[<prev] [next>] [<thread-prev] [thread-next>] [day] [month] [year] [list]
Message-ID: <20251218204239.4159453-7-sashal@kernel.org>
Date: Thu, 18 Dec 2025 15:42:28 -0500
From: Sasha Levin <sashal@...nel.org>
To: linux-api@...r.kernel.org
Cc: linux-doc@...r.kernel.org,
linux-kernel@...r.kernel.org,
tools@...nel.org,
gpaoloni@...hat.com,
Sasha Levin <sashal@...nel.org>
Subject: [RFC PATCH v5 06/15] kernel/api: add API specification for io_destroy
Signed-off-by: Sasha Levin <sashal@...nel.org>
---
fs/aio.c | 189 +++++++++++++++++++++++++++++++++++++++++++++++++++++--
1 file changed, 184 insertions(+), 5 deletions(-)
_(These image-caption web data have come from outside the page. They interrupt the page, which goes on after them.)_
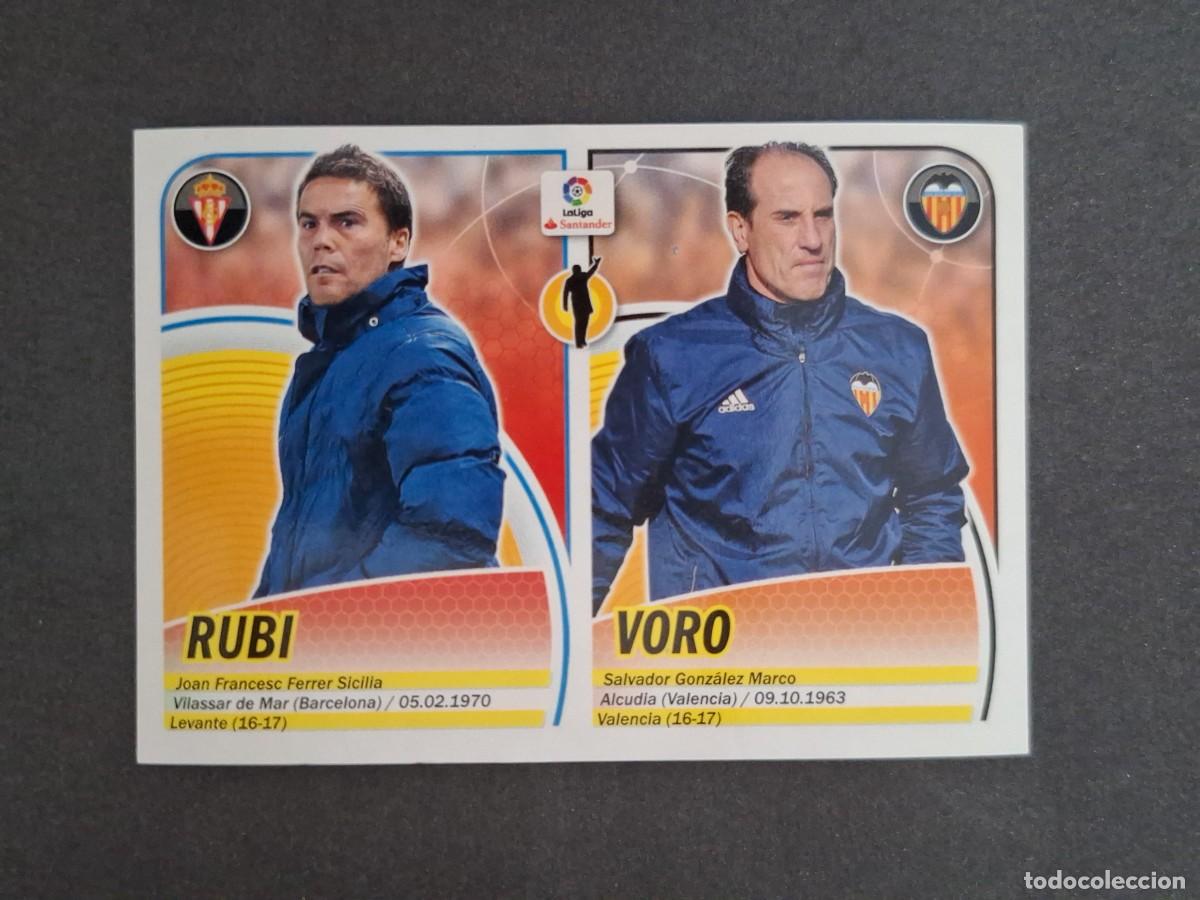 Cromos de f&uacute;tbol: L3 RUBI - VORO MERCADO INVIERNO LIGA ESTE 2016 2017 16 17 NUNCA PEGADO SIN PEGAR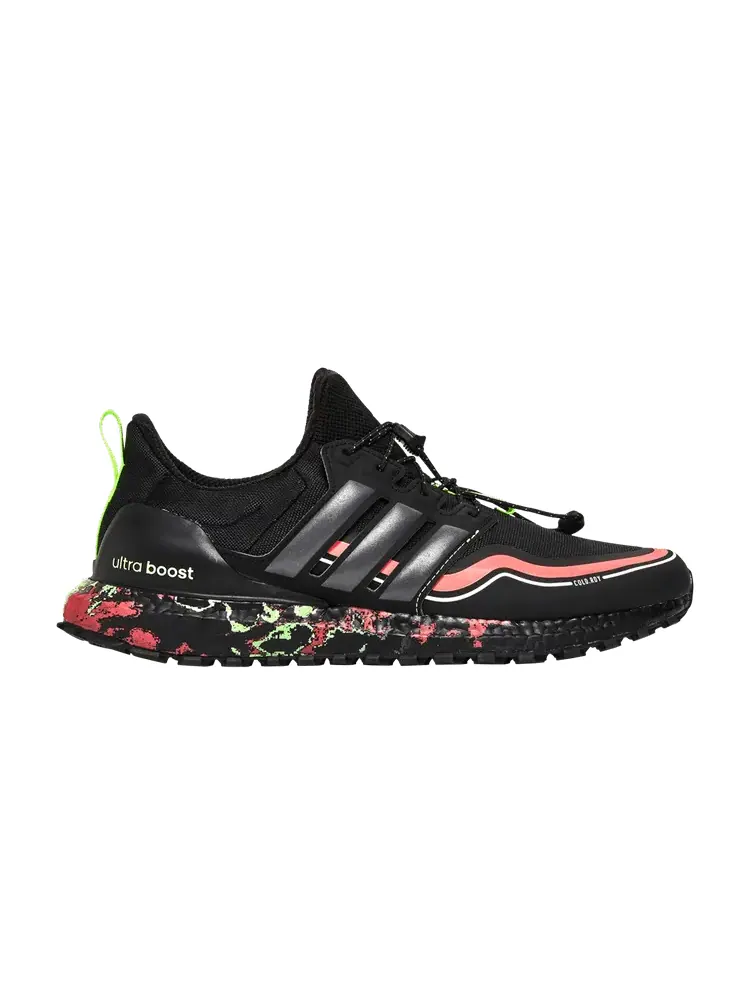 Кроссовки adidas UltraBoost Winter.Rdy DNA 'Black Signal Pink' — изображение 1 из 9, черный/черный/розовый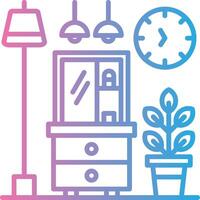Vanity Table Interactive Symbol vector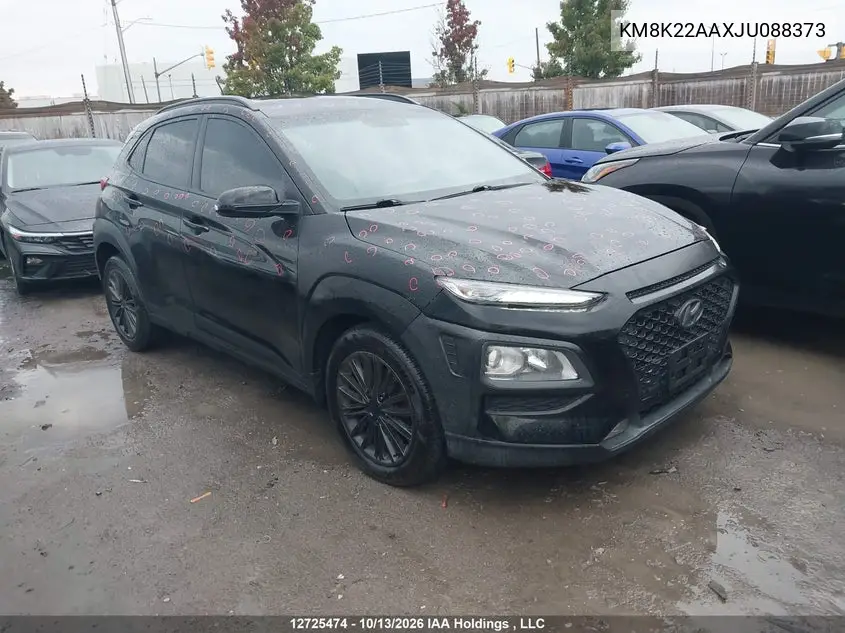 HYUNDAI KONA 2018, VIN KM8K22AAXJU088373
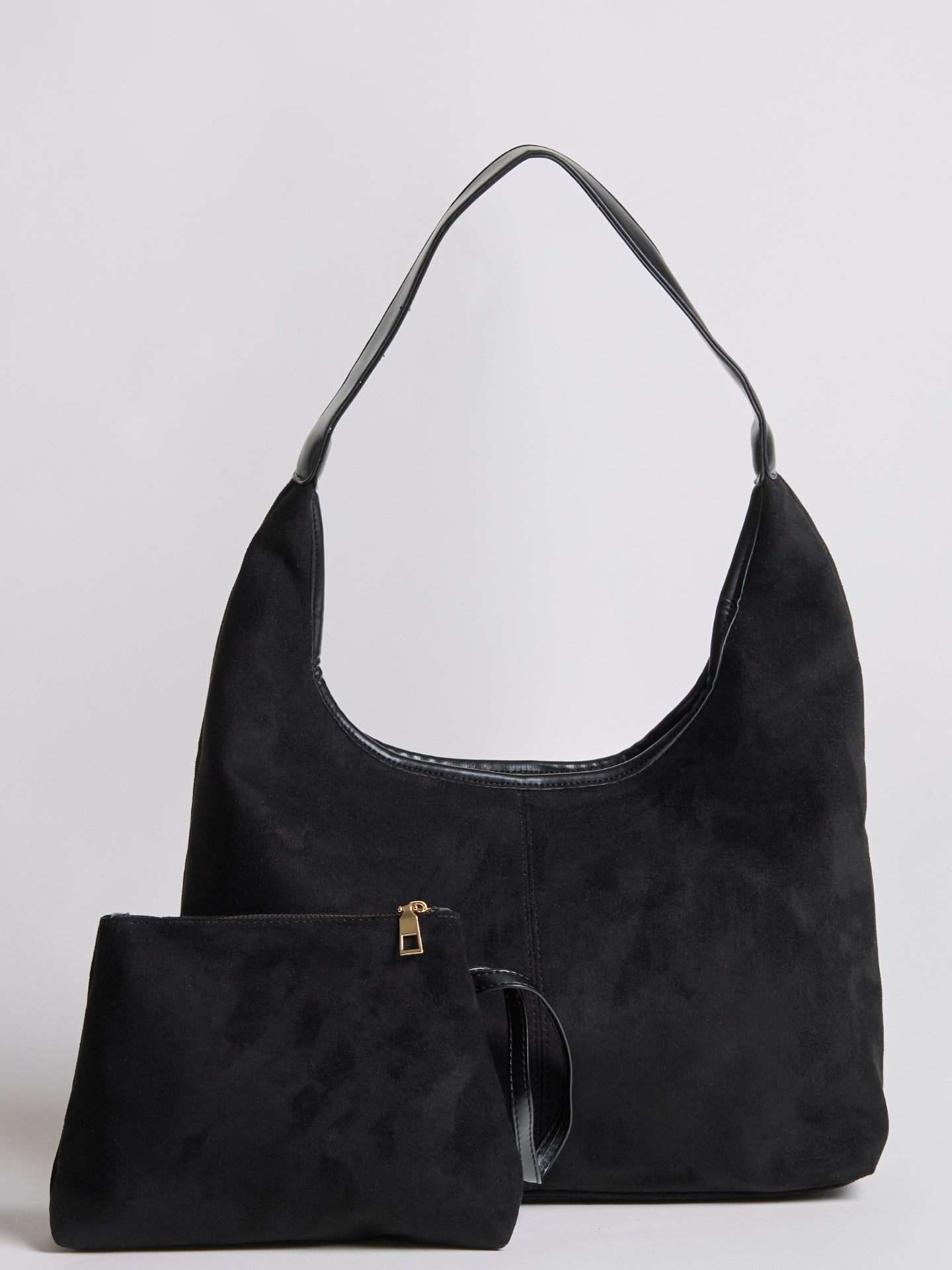 Elegant Vegan Leather Half-Moon Tote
diff --git a/fs/aio.c b/fs/aio.c
index 36556e7a8e2c0..ff2a8527e1b85 100644
--- a/fs/aio.c
+++ b/fs/aio.c
@@ -1646,11 +1646,190 @@ COMPAT_SYSCALL_DEFINE2(io_setup, unsigned, nr_events, u32 __user *, ctx32p)
}
#endif
-/* sys_io_destroy:
- * Destroy the aio_context specified. May cancel any outstanding
- * AIOs and block on completion. Will fail with -ENOSYS if not
- * implemented. May fail with -EINVAL if the context pointed to
- * is invalid.
+/**
+ * sys_io_destroy - Destroy an asynchronous I/O context
+ * @ctx: AIO context handle returned by io_setup
+ *
+ * long-desc: Destroys the asynchronous I/O context identified by ctx. This
+ * syscall will attempt to cancel all outstanding asynchronous I/O operations
+ * against the context and block until all operations have completed. Once
+ * this syscall returns successfully, the context handle becomes invalid and
+ * must not be used with any other io_* syscalls.
+ *
+ * The context's memory-mapped ring buffer is unmapped from the process address
+ * space, and all associated kernel resources are freed. The system-wide AIO
+ * event counter (aio_nr) is decremented by the original nr_events value that
+ * was passed to io_setup when creating this context.
+ *
+ * This syscall blocks until all in-flight I/O operations have completed. This
+ * ensures that userspace buffers passed to io_submit are no longer accessed
+ * by the kernel after io_destroy returns. The wait is NOT interruptible by
+ * signals, so callers cannot cancel this blocking behavior.
+ *
+ * If two threads call io_destroy on the same context simultaneously, only the
+ * first call will succeed; subsequent calls return -EINVAL as the context is
+ * already marked as dead.
+ *
+ * context-flags: KAPI_CTX_PROCESS | KAPI_CTX_SLEEPABLE
+ *
+ * param: ctx
+ * type: KAPI_TYPE_UINT
+ * flags: KAPI_PARAM_IN
+ * constraint-type: KAPI_CONSTRAINT_CUSTOM
+ * constraint: Must be a valid context handle previously returned by io_setup.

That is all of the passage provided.